Since the endianess issue is much about tradition, one should remember, that in ancient decimal computers (each decimal digit stored in BCD), the BCD ALU was only 4 bits wide and the core memory organisation 4 or 6 bits wide, but the instruction set operated with 8 or 10 digit decimal numbers. In these systems the BCD order was also a hardware issue. Paul
Paul Keinanen wrote:
> The other alternative would be to load the bytes in sequence into a > temporary register and only after all bytes have been loaded into the > temporary register, the addition can begin.
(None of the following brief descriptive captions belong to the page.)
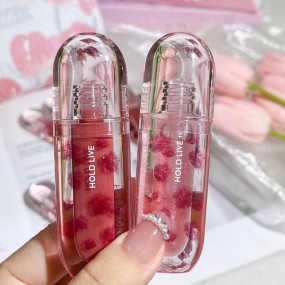 Lip Glaze Factory - OEM Water Light Jelly Formula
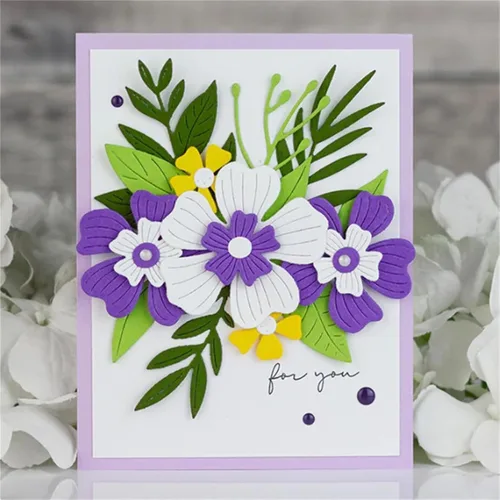 Miniatura 25 de Plantillas de corte de metal para Navidad DIY, plantilla de estampado en relieve para álbum de recortes, creación de tarjetas, molde para álbum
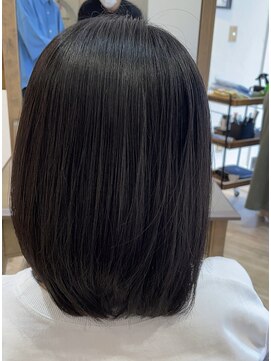 エクリ シセイドウ 麻布十番店(equri×SHISEIDO) 【麻布十番】酸熱トリートメント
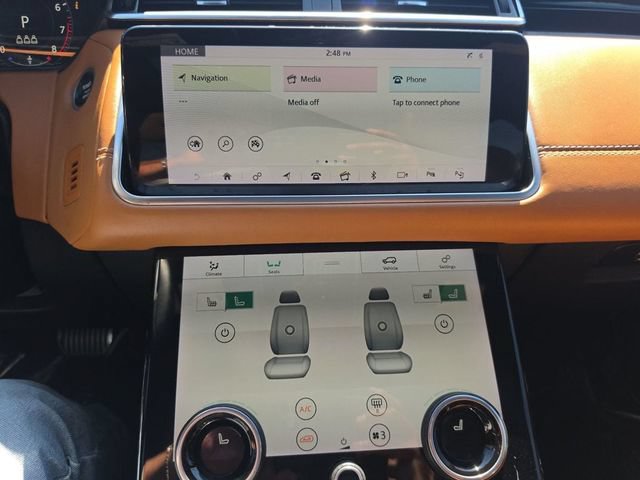 Used 2019 Land Rover Range Rover Velar R-Dynamic HSE AWD/4WD image 14
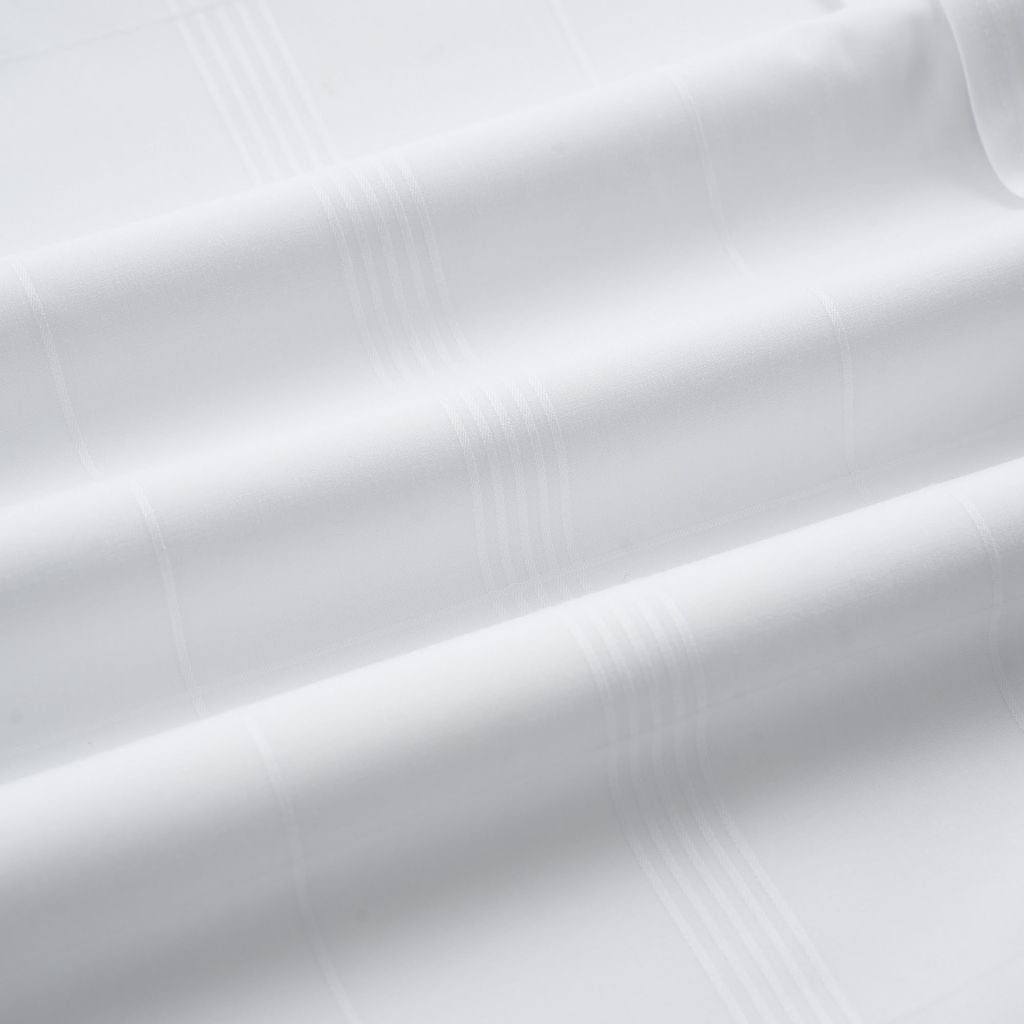 ÁO SƠ MI NGẮN TAY VITIMEX DÁNG ÔM VỪA SLIMFIT KẺ CARO TO ASB 6073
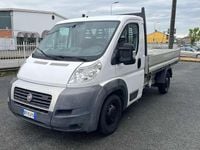 Usata Fiat Ducato 156 CV (114 kW) 2008 Bianco Furgone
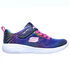 Skechers GOrun 600 - Shimmer Speed, BLAU / MEHRFARBIG, swatch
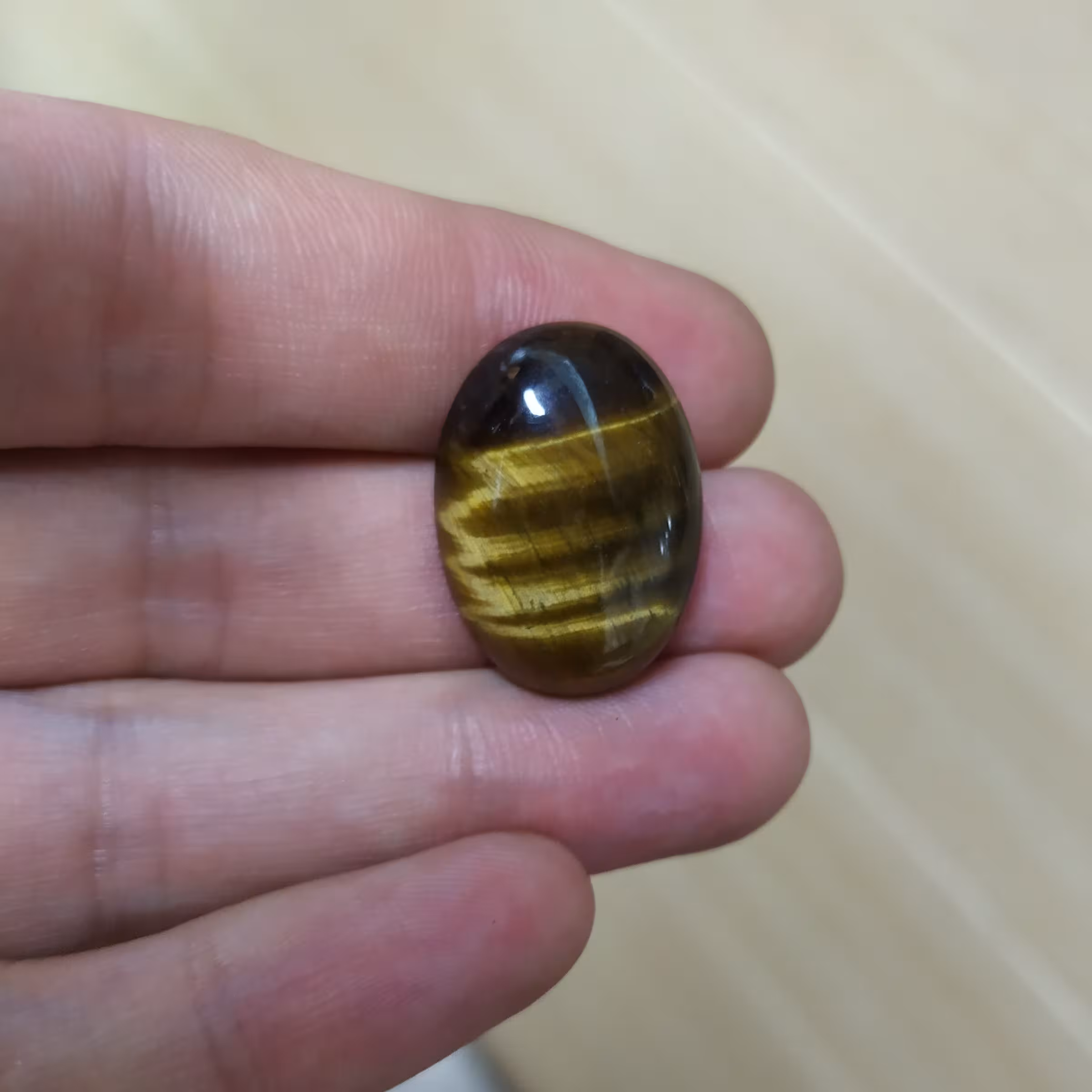 چشم ببر کد52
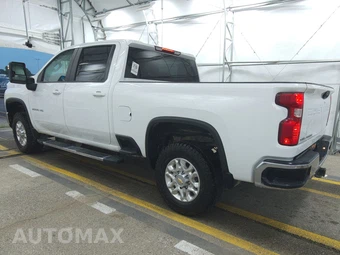2025 Chevrolet Silverado 2500HD LT Crew Cab Medium Bed 1LT - miniatura 6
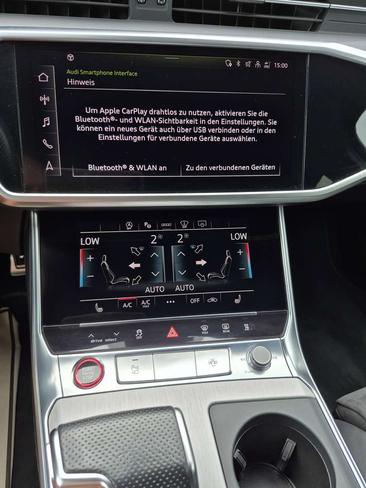 Audi S 6 Berline TDI — photo 41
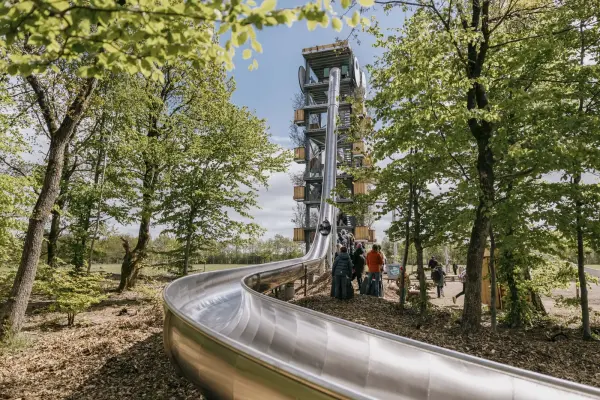 WOW Park Billund, selskabslokale i Billund
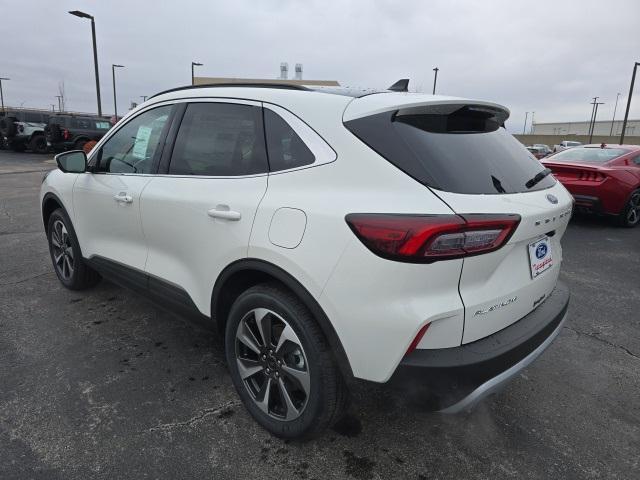 new 2025 Ford Escape car, priced at $42,445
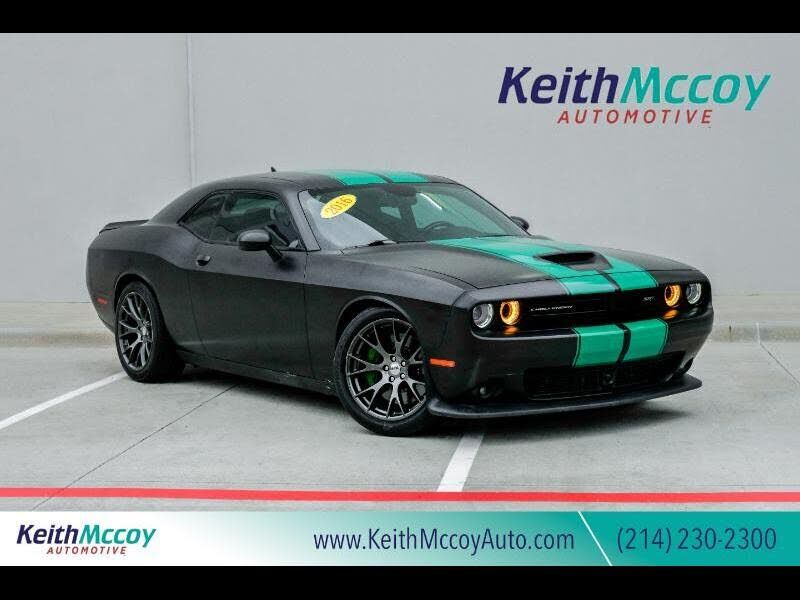 2016 DODGE Challenger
Don't all modern CPUs do this anyway? It would seem like less hardware to provide a temporary register than to provide the control circuitry to handle a multi-step add in the ALU. Unless the ALU width doesn't match the register width. If you're already using a microprogrammed control, your ALU is 8 bits and you've also got 16 or 32 bit registers, then it might make sense. Big-endian does seems like the most common design in architectures I've seen; except that Intel sells quite a lot of CPUs which makes Intel-endian more ubiquitous. -- Darin Johnson
"Darin Johnson" <darin@usa.net> writes:
> Paul Keinanen wrote: > > If you ask a hardware designer, which format should be used, any > > adder, subtracter and multiplier designer would vote for the little > > endian format. Divider and square root designers would vote for the > > big endian format :-). > > I never understood this. If you've got a 32-bit register, why > should it matter where the byte boundaries are when doing the > add? The add will want to start with the least significant bit > usually (assuming ripple carry instead of lookahead), but the > adder (and ALU in general) has no preference about how bytes > should be stored in RAM. Once you've got the data internal to > the CPU, then the endianness is irrelevant. (barring oddball > cases like i386 with its mix of register sizes) > > If you've got 8-bit registers only, then it's up to software to > provide an endian convention, not hardware. If you're doing > a byte-wise add, and have an auto-increment byte read, then > little-endian would be useful; but this is a software operation, > not something that a hardware designer would worry about.
The hardware does force one order or the other due to multi-byte operations' order. If nothing else, pushing and popping subroutine return addresses will establish an order. Multi-byte loads and stores is another place where the hardware prescribes the order. Those of us dealing with multiple target processors from different host processors find the Endiness to be a royal pain in the rear.